Write each entry out again verbatim, pictures excluded.

***** MATERIAL TO PROCESS *****

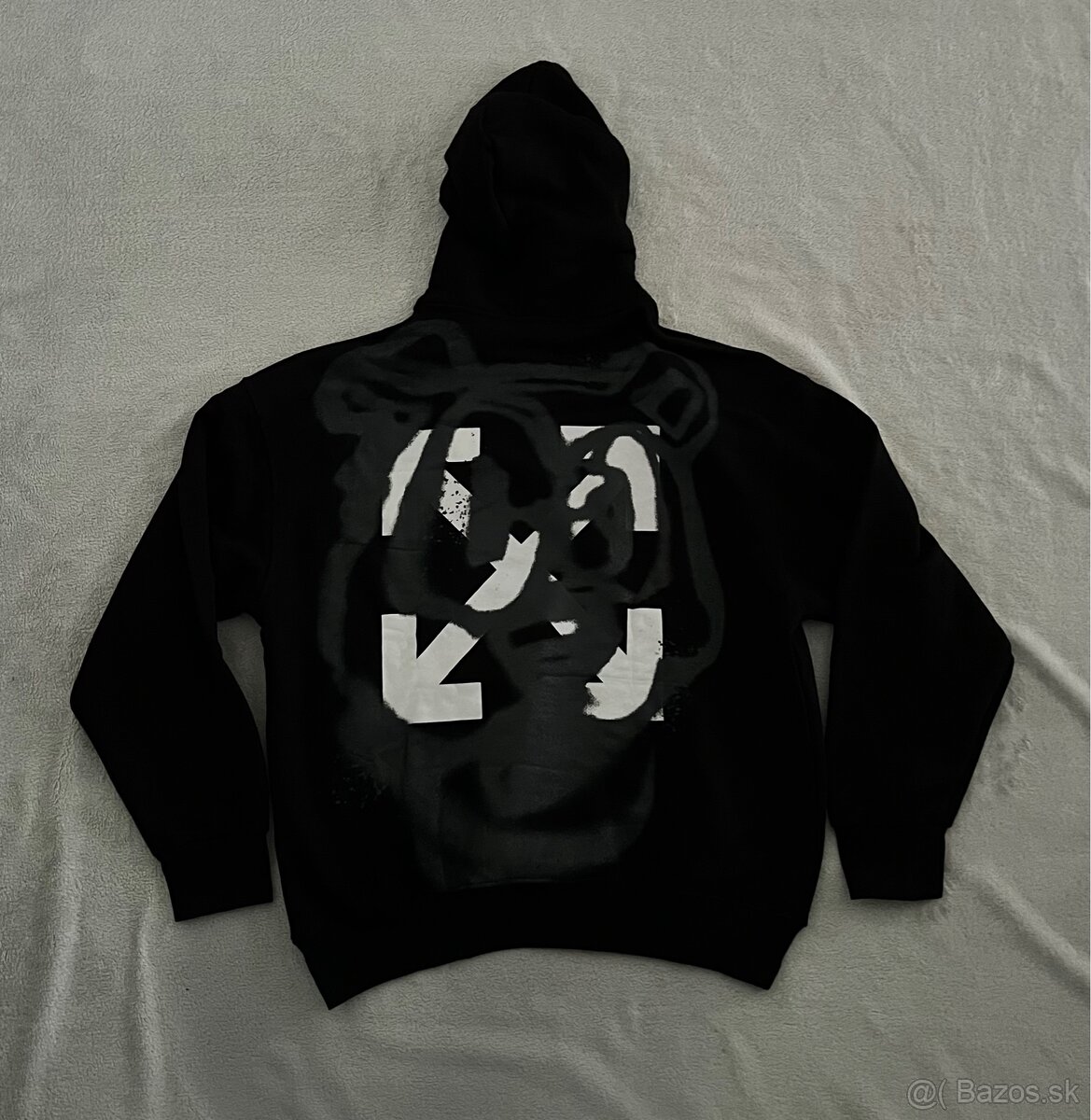 Off White mikina - 2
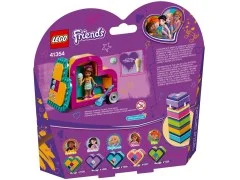 Andrea's Heart Box - View 5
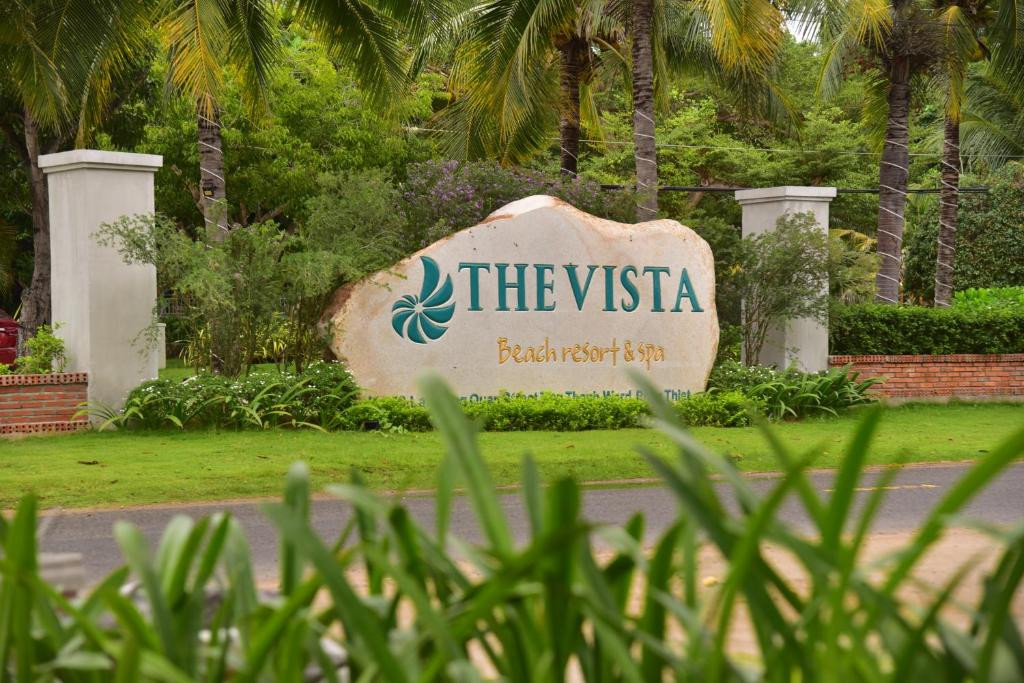 THE VISTA BEACH RESORT фото 2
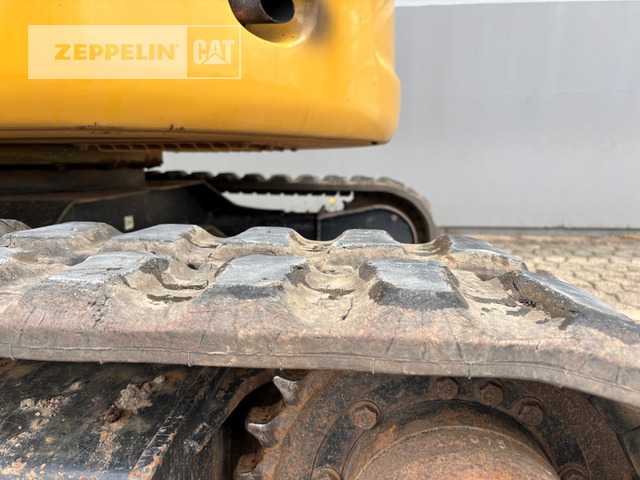 Minigraver Cat 303.5ECR: bilde 11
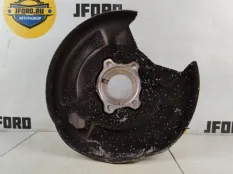 Кулак поворотный Volvo XC60 2018 32395005 UZ 2.0 B4204T23, задний правый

*****

### TASK OUTPUT
 Off White mikina - 2
 Andrea's Heart Box - View 5
 THE VISTA BEACH RESORT фото 2
 Minigraver Cat 303.5ECR: bilde 11
 Кулак поворотный Volvo XC60 2018 32395005 UZ 2.0 B4204T23, задний правый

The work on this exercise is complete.